Retro Funding 6: Bribery Policy

It is expected that Optimists refrain from self-dealing. While opportunities for self-dealing in the Citizens’ House will be reduced via incentive design and voting mechanisms, the Foundation may implement additional measure to discourage self-dealing, to be defined at the beginning of each Round, while these mechanisms are further developed.
The Foundation has defined the below process to address bribery, if needed.

Over time, the consequences for bribery and other forms of self-dealing will be determined by the Citizens’ House and enforced via governance managed Citizenship Criteria.

Round 6 Anti-Bribery Policy

Reporting

  • You may report any verifiable instance of bribery using the form linked here . All discussions and reports should be in accordance with the Rules of Engagement.
  • As onchain evidence of bribery is unlikely, three separate reports against the same briber (or directly affiliated party) will need to be filed for a case to be considered valid. This number is based upon the number of people required for a bribe have a meaningful impact on results and considering the potential disruption of false reports.

Enforcement

  • In the event 3 separate reports are filed, and the briber is another badgeholder, the bribing badgeholder will receive an attestation and be prohibited from participating in Season 6.
  • In the event 3 separate reports are filed, and the briber is a project, the project will receive an attestation and be removed from the Round (ineligible to receive rewards in Round 6).
  • In the event any report is found to be invalid, the badgeholder will receive an attestation and will be ineligible to receive retroactive governance participant rewards for Round 6.

Please note: In the future, governance will decide the set of attestations that permit or prohibit Citizenship.

Subject to Citizens’ House Approval

Before any enforcement action is taken, the Foundation must post a proposal summarizing the reported bribery incident and corresponding enforcement actions. The Citizens’ House will then have one week to veto any enforcement decisions proposed by the Foundation. If an enforcement action suggested by the Foundation is veto’d, no enforcement action will take place. New reports filed about the same instance will not be re-considered.

3 Likes

Same question as for the self-dealing rule:

Simple majority?

1 Like

Moving forward, I’d suggest creating an Anti-Bribery Committee dedicated to overseeing all Retro Funding rounds.
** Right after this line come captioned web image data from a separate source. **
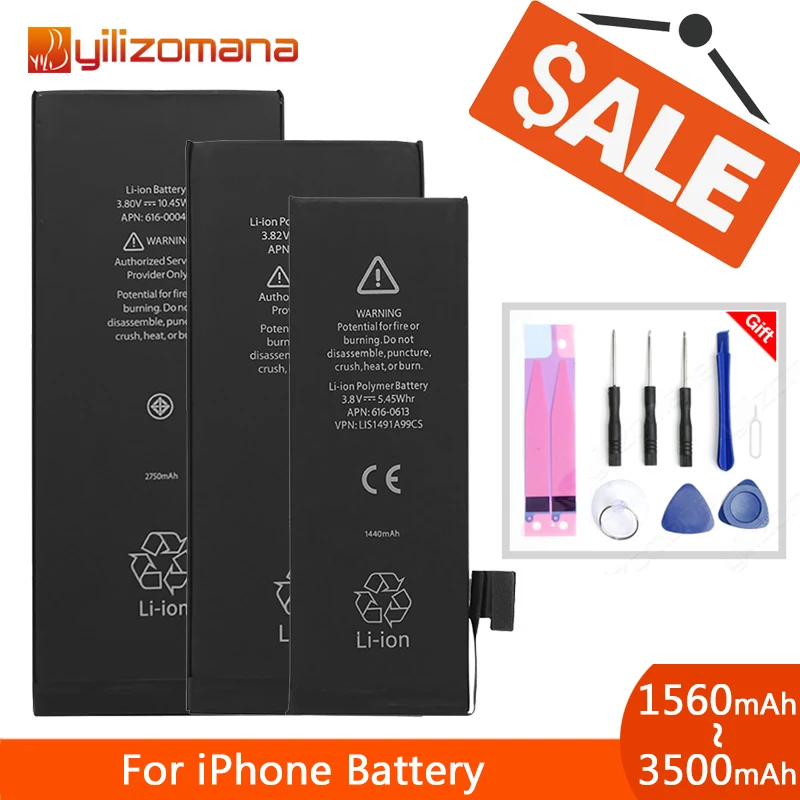 Оригинальный аккумулятор YILIZOMANA для телефона Apple iPhone 5s 6 6S Plus Сменный 7 8 XR XS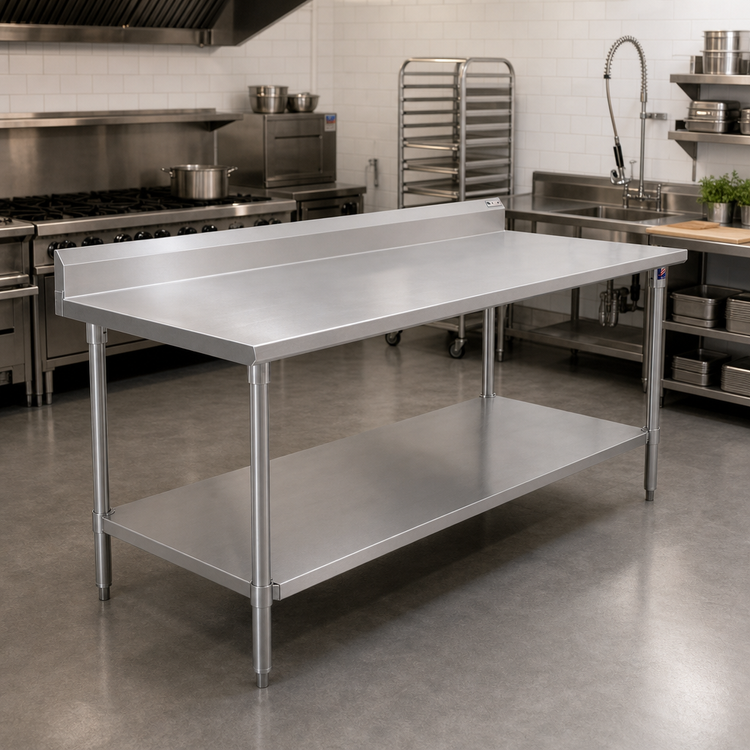 Product image #2 for John Boos Stallion 120-Inch x 36-Inch Stainless Steel Work Table with 5-Inch Backsplash and Undershelf
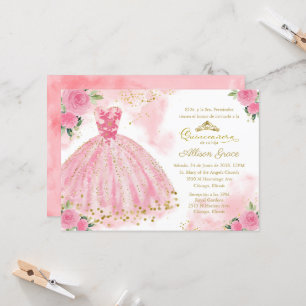 Quinceanera-Einladung Spanisch Hot Pink Gold Einladung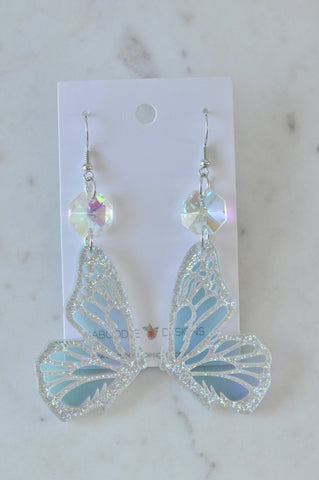 *** Acrylic Butterfly Wings Rhinestone Concert Drop Dangle Earrings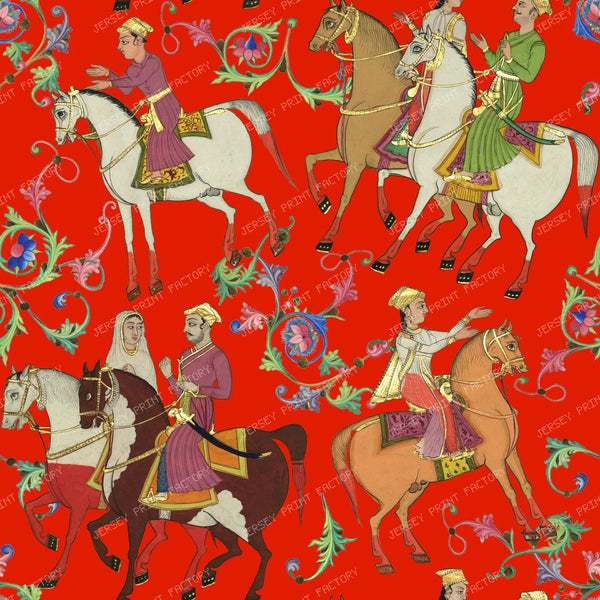 Horseback Riding and Colorful Ornaments, Medieval Persian Motif with Wedding Scenes on Red Background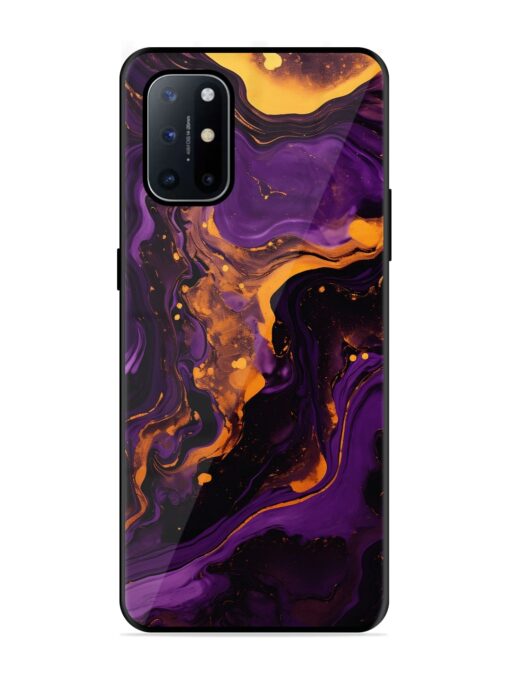 Painting Of A Purple Glossy Metal Phone Cover for Oneplus 8T (5G) Zapvi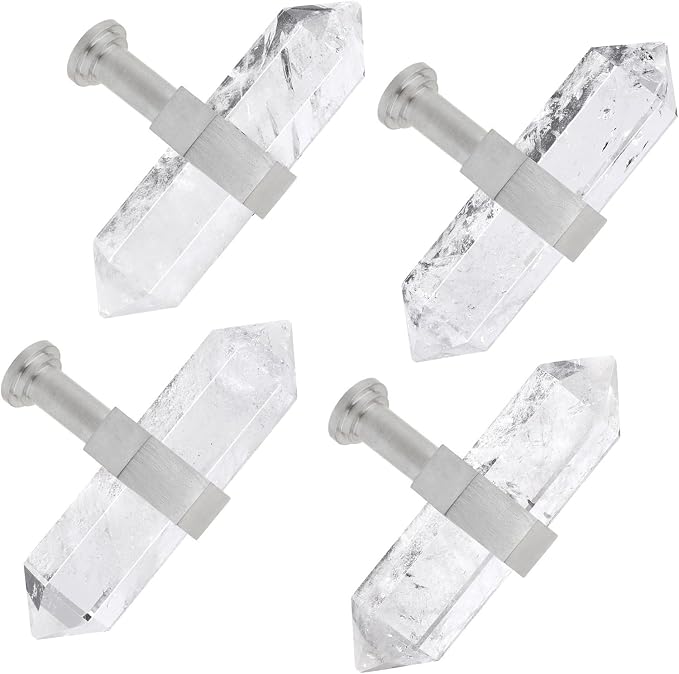 mookaitedecor Set of 2 Rock Quartz Double Crystal Points Drawer Knobs with Screws, Decorative Stone Cabinet Handle Pulls for Dresser Cupboard Kitchen Decor, Brushed Stainless Steel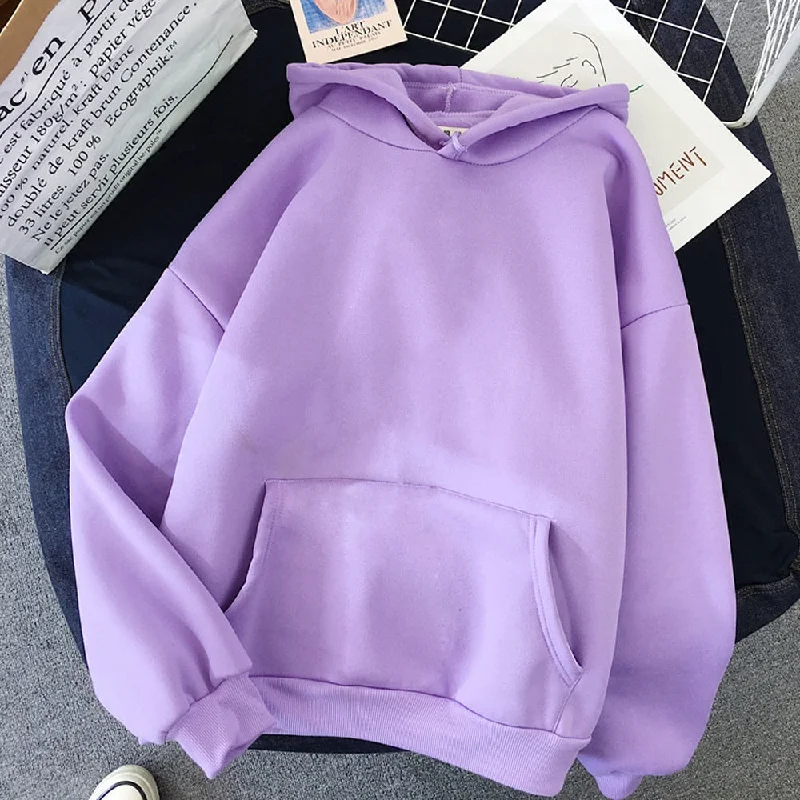 Women Solid Color Oversize Hoodie 2020 Harajuku Plus Basic Sweatshirt Long Sleeve Oversized Hoodie Comfort Casual
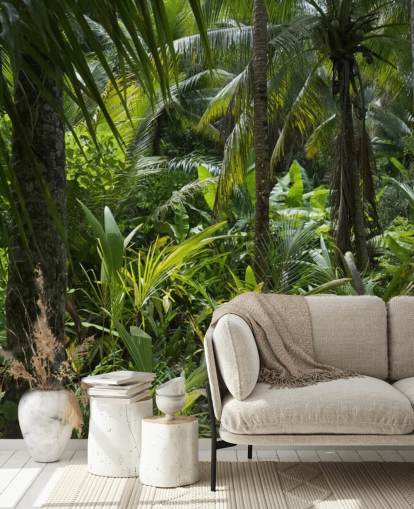 Foto von Green Jungle Scene Wallpaper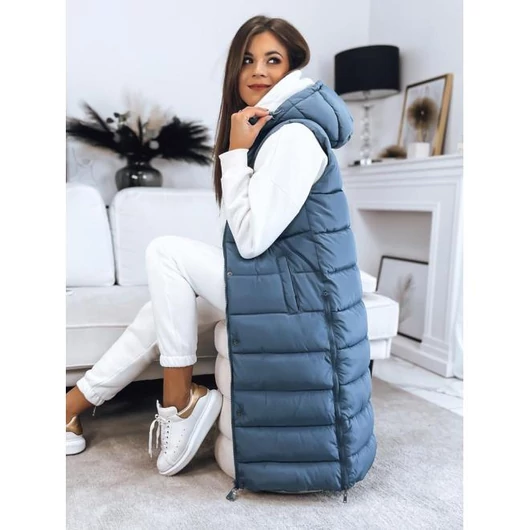 Világoskék hosszú steppelt mellény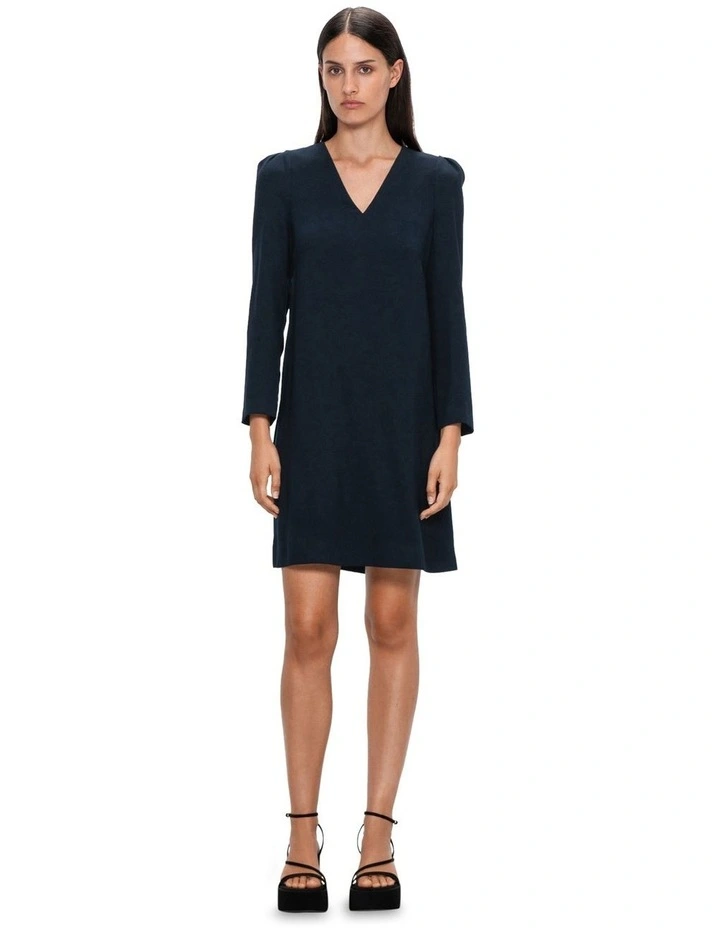 Crepe Satin Shift Dress in Ink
This committee should be responsible for implementing anti-bribery guidelines, monitoring for any potential unethical behavior that’s against the code of conducts, and ensuring that all votes are cast without bias or undue influence.

Attestations are a way forward. But ideally we should have algorithms in place that are helpful in highlighting dubious behaviour/interactions with the collective.

Furthermore I would advocate that based on a “severity” they would be further published to an on-chain registry.

Grants provide a lifeline to many projects and we should be doing our absolute best to remove bad actors from the process.

In terms of a “good enough” system I would optimise for early-detection and sybil resistance.

On a high level I would design as follows:

  • Ensure key data is made available for public participation in algorithm design and analysis
  • Setup an open bounty program that allows public to submit reports for rewards based on severity of detection
  • Having a week to enforce a decision seems short sighted.
  • To open up a claim, one should also be at risk as the claim is potentially reputation damaging. (Depending on the severity, we should scale the stake required to open up a claim)
  • Invalid claims, reporters lose and defendant is given stake

This all seems complicated but if we want our systems to scale I think a lot of these processes need to move on-chain.